Modeling Uncertain Retirement Income

Thanks Robert. But do we still talk about the same problem. Initially I modelling:

a) a tail event resulting in a temporary drop in retirement income (e.g., temporary illness expenses);
b) a tail event resulting in a permanent drop in retirement income (e.g., permanent illness expenses or/and death of a spouse or/and entry into a retirement home);

while I already have two iid shocks in portfolio model like 31: persistent z1 and temporarily z2.

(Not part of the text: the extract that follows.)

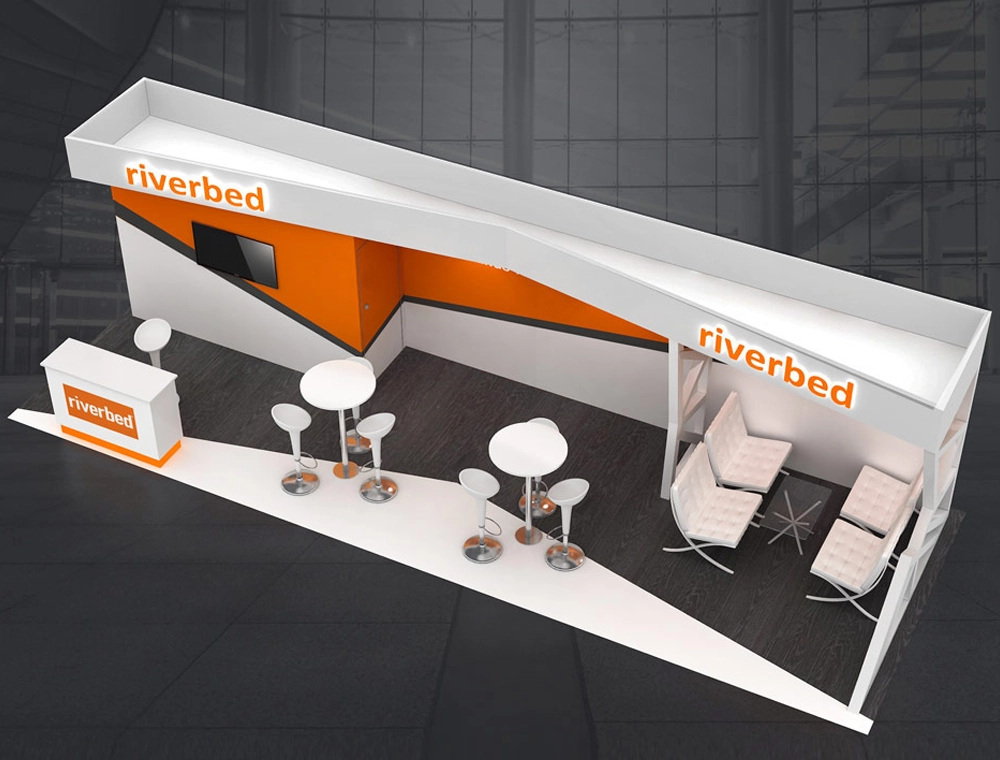 10x30 booth with illuminated signage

Problem a) is solved. I add iid shock e to existing shocks z1 and z2 (similar to model 11B where are only one z and one e). I additionally require that ‘variability’ of the process e can drop by 50% with probability 10% in each period. More specifically:

[e_grid,pi_e]=discretizeAR1_FarmerToda(0,0,Params.sigma_epsilon_e,n_e-1);
e_grid=exp(e_grid);
pi_e=pi_e(1,:)';
e_grid=[0.5; e_grid];
pi_e=[0.1; (1-0.1)*pi_e];
mean_e=pi_e'*e_grid;
e_grid=e_grid./mean_e;

% + I connect e with pension in return function and modify code also in other required places (vfoptions, simoptions, return function, plots …).

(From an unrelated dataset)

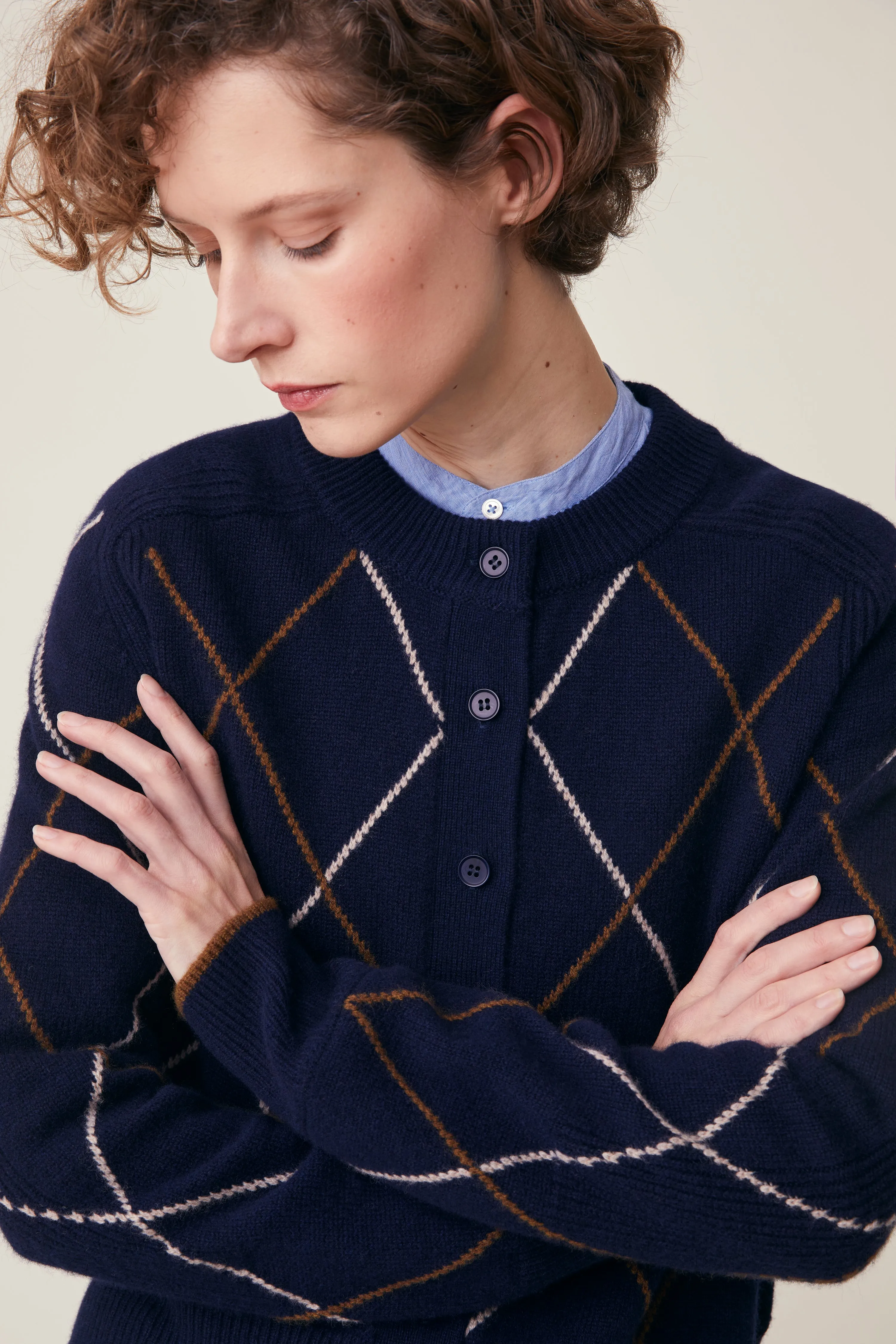 Gilet Auguste N°233 Arlequin Magic Blue sold by Moismont product image thumbnail 3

I still struggling with problem b). I trying solve it with implementing your first suggestion:

But recently you suggest:

Does your recent comment still address problem b)? Sorry for continuing to ask questions, but I really want to know how to model b). Is it possible to provide an example of how I can implement your first suggestion? Thank you very much!

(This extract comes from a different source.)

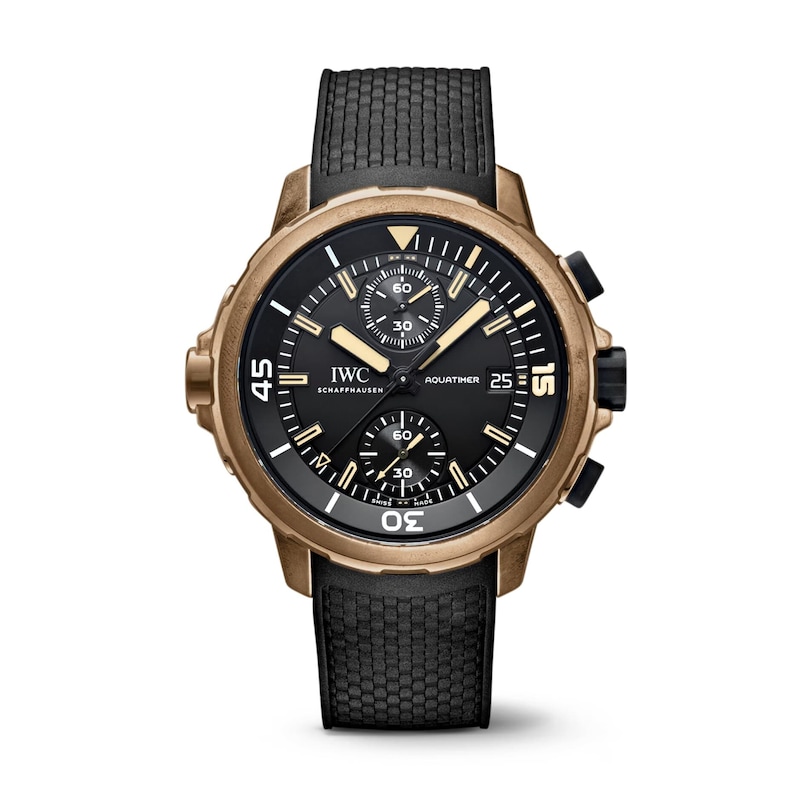 IWC Aquatimer Expedition Charles Darwin Black Rubber Strap Watch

I see. For problem (b) you want a markov shock, not an i.i.d. shock (a z not an e in my examples). Because it is markov but you tried to include it as an e (which is for i.i.d.) there are errors.

My impression is you want two z shocks.

For two markov (z) shocks you need to

When you use multiple markov z shocks you need to set up n_z=[n_z1, n_z2]; z_grid=[z1_grid; z2_grid]; and pi_z=kron(pi_z2, pi_z1); (note reverse order in the kron, also the pi_z is here assuming the two shocks are uncorrelated).

and then include (…,z1,z2,…) in your ReturnFn and FnsToEvaluate.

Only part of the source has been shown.